The International Trade in Goods and Services report shows the trade deficit widened to $47.6 billion in April from $45.3 billion in March.

The April deficit was greater than any Econoday economist’s prediction.

In addition, the Census Department revised the March deficit from $43.7 billion from $45.3 billion.

The bad news is accelerating for the second quarter. The trade deficit widened in April to $47.6 billion from a revised $45.3 billion in March. This opens the quarter on yet another defensive front.

Exports fell 0.3 percent in April to $191.0 billion as a fractional rise in service exports to $64.0 billion could not outmatch a 0.4 percent decline in goods exports to $126.9 billion.

Imports meanwhile jumped 0.8 percent to $238.6 billion with increasing pressure centered in goods but also including services.

The best positive in the details is a rise in aircraft exports and the worst negative is yet another jump in consumer goods imports, up $2.0 billion in the month to $51.0 billion. Country data show a sharp widening with China, to a $27.6 billion total gap in the month, with the EU gap also up sharply to $14.6 billion.
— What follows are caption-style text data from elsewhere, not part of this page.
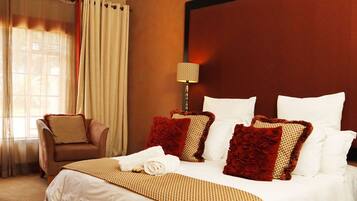 Luxury Suite | Minibar, individually decorated, individually furnished, desk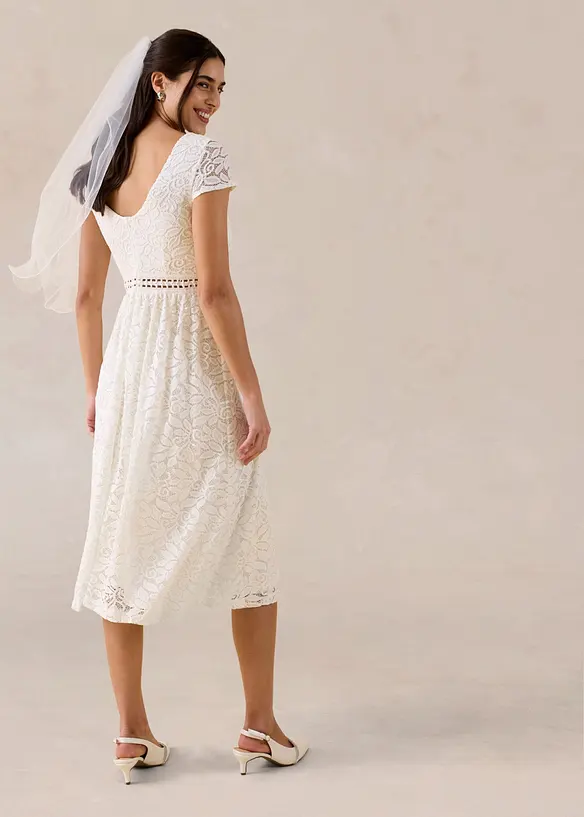 Spitzenkleid mit Häkel-Einsatz in der Taille in weiß von hinten (Totalaufnahme) - bonprix Spitzenkleid mit Häkel-Einsatz in der Taille in weiß von hinten (Totalaufnahme) - bonprix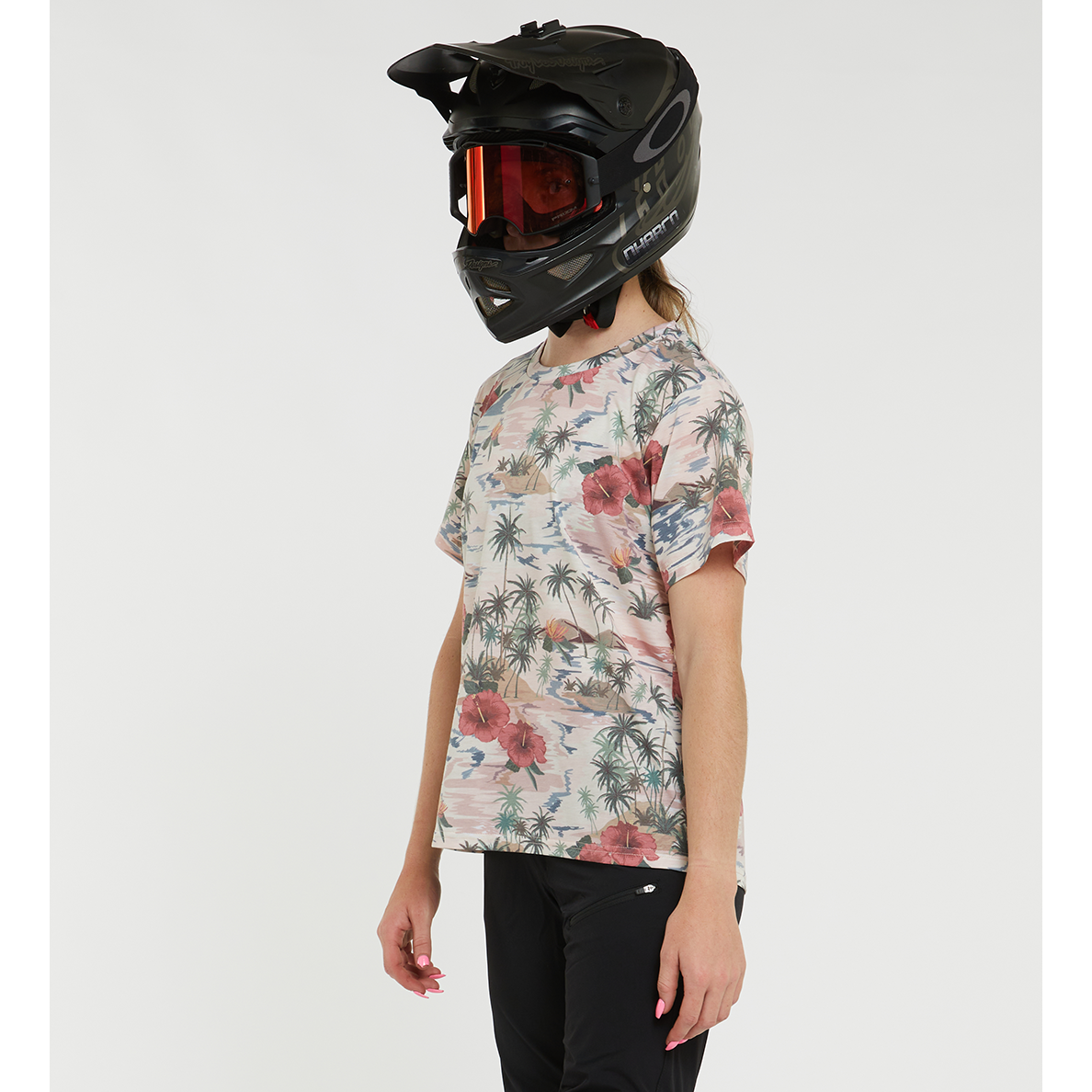 DHaRCO Women's Short Sleeve Tech Tee - Women's M - Narradise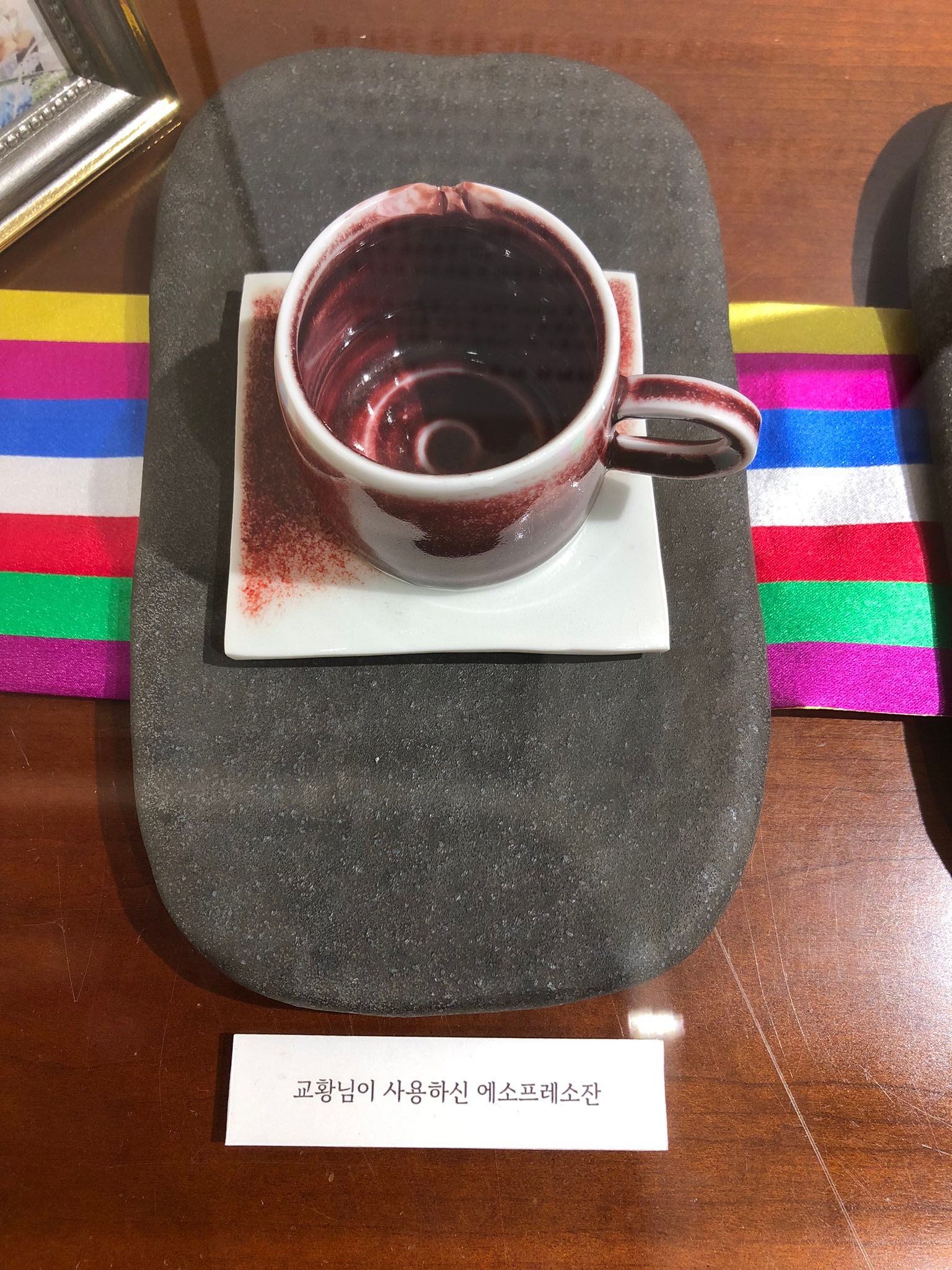 9810693935664682.jpg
The conclusion? U.S. demand for foreign products is strong and foreign demand for U.S. products is not.

Trade in Goods and Services

Trade in Goods and Services Moving Average

Trump Will Howl

  • In September 2016 exports were $188.123 billion.
  • In April 2017 exports were $190.975 billion.
  • In September 2016, imports were $226.588 billion
  • In April 2016, imports were $238.592 billion.
  • Imports increased  $12.034 billion.
  • Exports increased $2.852 billion.

With imports up significantly and exports barely budging for seven months, expect another round of Trump howls over the trade deficit.

This report will also take a couple of ticks off second-quarter GDP estimates.